Which House members are the most vulnerable to a coronavirus pandemic?

Which House members are the most vulnerable to a coronavirus pandemic?

The Senate is expected to pass a bipartisan bill to reinstate a long-stalled cybersecurity bill, with some House Democrats pushing for it to include provisions to require a company to hand over user data to the government and require the FBI to obtain a court order to access emails and other private data stored on the servers of internet companies.

But the bill could be delayed in the House, where Democrats have repeatedly blocked any measure that would address cybersecurity.

Republicans and some Democrats say the bill would do little to prevent the spread of the coronaviruses that killed nearly 1,400 people in the U.S. and abroad, including some at Disneyland, a major tourist destination.

Democrats, however, are concerned that a cybersecurity bill could give the federal government broad powers to hack into private companies’ servers.

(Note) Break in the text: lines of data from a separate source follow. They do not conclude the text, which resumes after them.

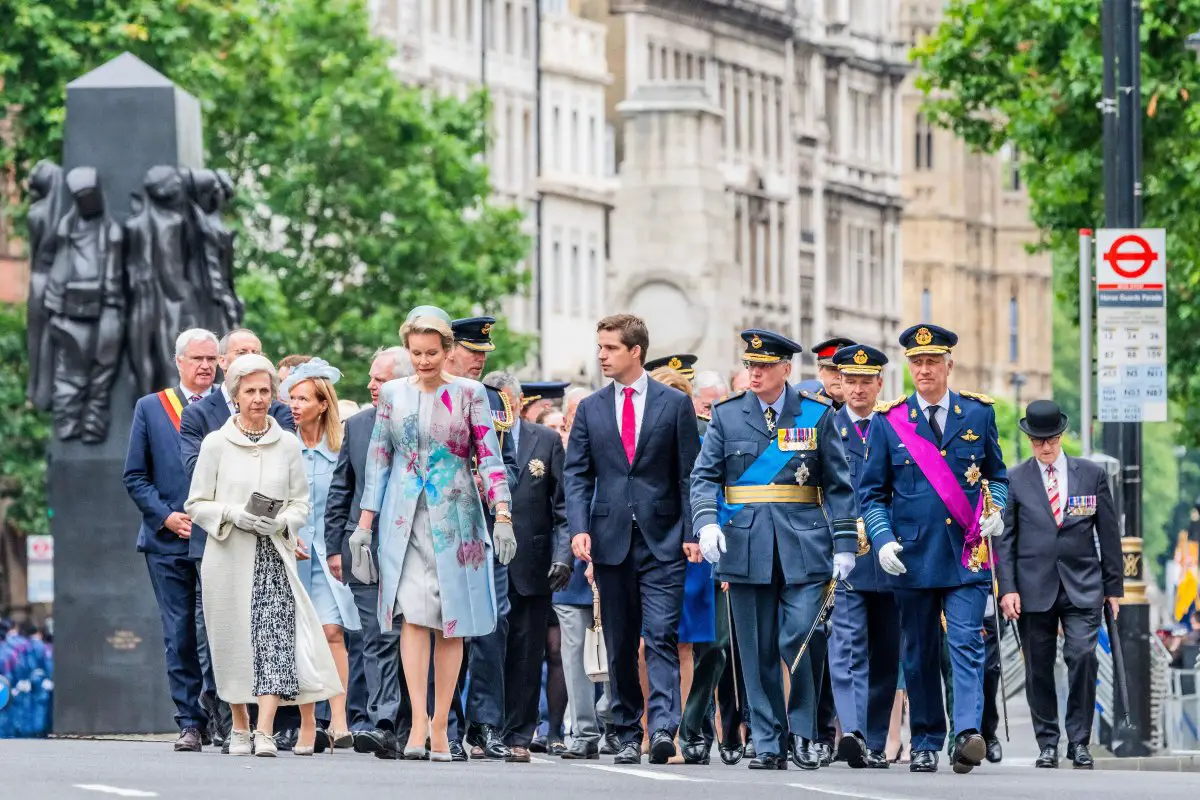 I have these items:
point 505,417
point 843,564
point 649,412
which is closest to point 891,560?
point 843,564

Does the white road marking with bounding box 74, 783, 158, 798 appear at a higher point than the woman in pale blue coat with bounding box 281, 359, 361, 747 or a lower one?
lower

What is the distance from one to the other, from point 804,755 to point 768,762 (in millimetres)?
262

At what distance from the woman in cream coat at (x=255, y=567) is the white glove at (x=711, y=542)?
1969mm

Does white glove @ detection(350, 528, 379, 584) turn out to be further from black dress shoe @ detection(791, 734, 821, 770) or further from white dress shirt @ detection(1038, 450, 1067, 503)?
white dress shirt @ detection(1038, 450, 1067, 503)

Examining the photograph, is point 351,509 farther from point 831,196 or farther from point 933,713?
point 831,196

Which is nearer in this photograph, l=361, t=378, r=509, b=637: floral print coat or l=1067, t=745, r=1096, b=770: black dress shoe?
l=361, t=378, r=509, b=637: floral print coat

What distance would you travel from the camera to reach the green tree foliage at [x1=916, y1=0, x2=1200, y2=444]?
159 feet

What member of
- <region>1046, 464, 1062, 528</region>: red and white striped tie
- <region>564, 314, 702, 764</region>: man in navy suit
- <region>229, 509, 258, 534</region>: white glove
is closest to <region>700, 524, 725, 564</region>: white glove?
<region>564, 314, 702, 764</region>: man in navy suit

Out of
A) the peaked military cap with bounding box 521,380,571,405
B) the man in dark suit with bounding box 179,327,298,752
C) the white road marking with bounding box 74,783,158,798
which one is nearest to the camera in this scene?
the white road marking with bounding box 74,783,158,798

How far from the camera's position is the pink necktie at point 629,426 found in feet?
72.2

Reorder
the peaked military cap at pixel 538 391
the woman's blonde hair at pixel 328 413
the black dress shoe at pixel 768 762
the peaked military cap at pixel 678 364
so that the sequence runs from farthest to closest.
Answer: the peaked military cap at pixel 538 391 < the peaked military cap at pixel 678 364 < the woman's blonde hair at pixel 328 413 < the black dress shoe at pixel 768 762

House Minority Leader Nancy Pelosi of California, a California Democrat, said in a statement Friday that she opposes the cybersecurity bill because she believes it will allow the federal and state governments to spy on Americans without a warrant, even if the companies are cooperating.

A spokesman for the House Democratic leadership did not respond to requests for comment.

Democrats have pushed for legislation to require companies to give the government access to customer data, but Republican leaders have said they oppose the legislation.

In a letter to the House leadership last week, Pelosi asked why lawmakers were not proposing a measure that included provisions for companies to disclose their own cybersecurity policies and a mechanism to let customers dispute government claims of security breaches.

The legislation could be reintroduced as soon as next week if Democrats don’t reject it, said a Democratic aide who has been briefed on the issue.

Republican House Speaker John Boehner said Friday that the bill is “a nonstarter” because it is a partisan exercise, and Democrats will have to come to the table and compromise.

The cybersecurity bill is also likely to be delayed until next year, as the House and Senate are both struggling to reconcile their bills.

Democrats in the Senate, led by Majority Leader Mitch McConnell of Kentucky, have said the bills should be brought back to a conference committee to allow them to vote on them, and Republicans are hoping that this time, they can reach a compromise.

A House cybersecurity committee has been trying to work on the bill since early March.

Democrats and Republicans have tried to get the bills to pass the House on the same day.

But Republicans have failed to gain the necessary 51 votes to pass any legislation, and a compromise has been difficult to achieve.

On Friday, President Donald Trump said that his administration is working on a new cybersecurity bill that includes some cybersecurity provisions.

The president said the bill will give the private sector more control over its cybersecurity and “make it more difficult for cyberattacks to be launched.”

But the administration is still waiting on a cybersecurity policy from the Federal Communications Commission, which is due to be released this week.

The FCC has not yet said whether it will adopt new rules.

The White House said Friday it is working to have the new cybersecurity legislation before the end of the year.